In 2025, companies in energy, utilities and resources (EUR) found themselves navigating daily news developments. Leaders are accustomed to laying out long-term strategies based on distant time horizons, involving materials extraction, intrastate infrastructure, and heavy equipment, all at massive scale. But sudden trade and regulatory pressures are accelerating radical shifts in strategy—from responding to skyrocketing electricity demand to rapidly scaling rare earth production—heightening urgency and elevating the stakes for both boards and management.
And neither the pressures nor the pace look likely to lessen in the coming year:
With more regulatory and demand disruption on the horizon, along with an ongoing digital transformation effort across the industry, EUR boards are being called to lead transformation, not just oversee it. This heightened level of engagement demands sharper governance, agility, and vision in the next year and beyond.
Directors in our 2025 Annual Corporate Directors Survey are more concerned than ever about their board colleagues underperforming, as external pressures mount and governance demands intensify. More directors than ever before now say someone on their board should be replaced. EUR directors share this sentiment, but they continue to focus on seeking traditional skill sets. Additionally, many EUR directors expressed concern about a lack of necessary capital to execute on their companies’ strategies, and they reported fewer boardroom discussions on climate change.
In 2025, 85 directors serving on boards of public EUR companies participated in our survey, accounting for 13% of all respondents. Here’s what we learned:
Directors in our survey on EUR companies are most likely to say they expect to add industry and operational expertise to their boards over the next year when compared to directors overall. They are also the least likely to be adding technology or AI skills to their boards.
When boards continue to prioritize the same industry and operational skill sets, the director talent pool narrows—potentially limiting access to fresh perspectives and the capabilities needed to oversee emerging risks and transformation.
In 2025, we asked a survey question to better understand the greatest internal barriers to companies’ future growth.

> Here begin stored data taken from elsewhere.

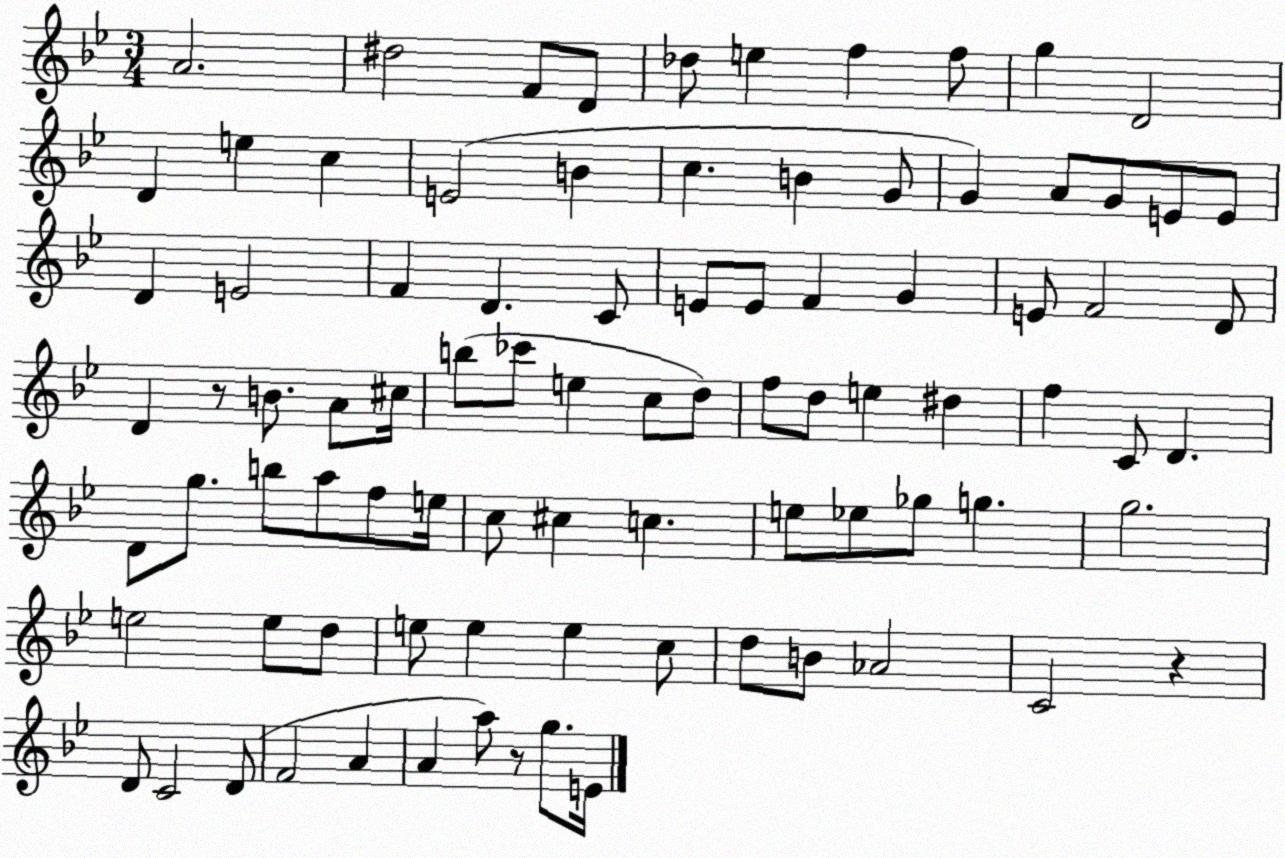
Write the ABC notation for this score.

X:1
T:Untitled
M:3/4
L:1/4
K:Bb
A2 ^d2 F/2 D/2 _d/2 e f f/2 g D2 D e c E2 B c B G/2 G A/2 G/2 E/2 E/2 D E2 F D C/2 E/2 E/2 F G E/2 F2 D/2 D z/2 B/2 A/2 ^c/4 b/2 _c'/2 e c/2 d/2 f/2 d/2 e ^d f C/2 D D/2 g/2 b/2 a/2 f/2 e/4 c/2 ^c c e/2 _e/2 _g/2 g g2 e2 e/2 d/2 e/2 e e c/2 d/2 B/2 _A2 C2 z D/2 C2 D/2 F2 A A a/2 z/2 g/2 E/4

Responses from all directors were varied—from not allocating enough resources to growth areas to lacking the right talent. But EUR directors stood out: they were by far the most likely industry to cite lacking the necessary capital to fund growth initiatives. One-third of EUR directors say this is their company’s greatest barrier—more than double the share of directors overall who say the same.
Companies may be trying to address these needs through M&A. Across energy and utilities, dealmaking is being shaped by heightened capital discipline and a sharper focus on capital efficiency—driving consolidation and portfolio actions aimed at strengthening balance sheets and funding priority investments.

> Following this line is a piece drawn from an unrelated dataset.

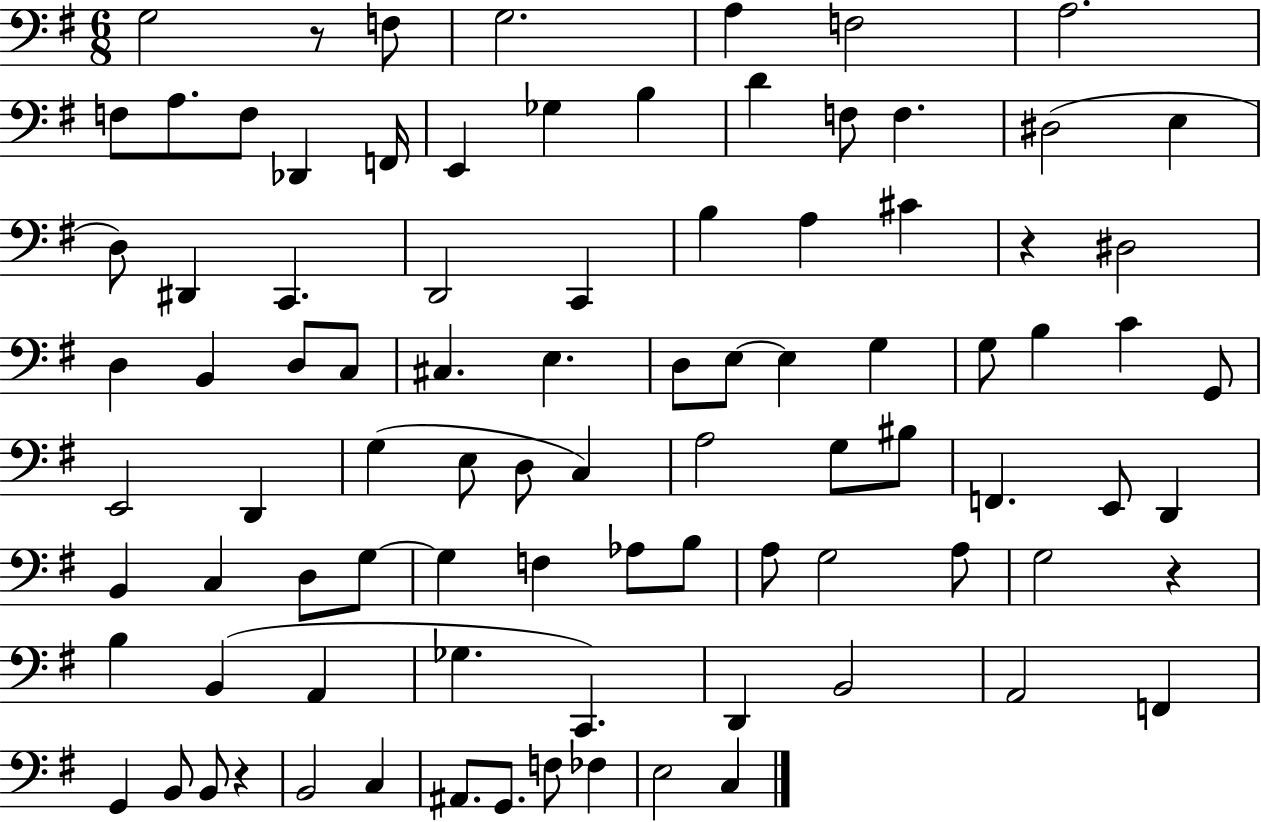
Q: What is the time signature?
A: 6/8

EUR directors report engaging with shareholders more frequently than directors overall. Yet they are the least likely to say those interactions have led to any concrete action, such as increasing board discussion of key topics, enhancing public disclosures, revising governance policies or succession plans, or making changes to executive compensation or strategy.
Companies that listen but remain largely unresponsive to shareholder input may limit their access to additional capital—and may even invite potential activists. Investors still place significant weight on sustainability, climate transition, and broader ESG performance in their allocation decisions. As an example, 84% of investors globally believe companies should maintain their investment in climate adaptation, or increase it.
EUR companies, by the nature of their businesses, typically pay more attention to climate-related issues than companies in most other sectors. They run carbon-intensive, capital-heavy operations that sit squarely in the sights of regulators and carbon-pricing systems, and many of their assets—power plants, grids, pipelines, and mines—are exposed to storms, heatwaves, and other physical risks.
Even so, there was a significant decrease this year in those who say their boards discussed climate change more than once in the past year.
Board refreshment is top of mind for many EUR directors who know they need the right mix of skills to move their companies into the future. Shifting trade policies and where investors choose to deploy capital also pose real challenges for EUR companies, but the road ahead will likely present opportunities to gain a competitive advantage by enhancing governance practices. Where does your board stand?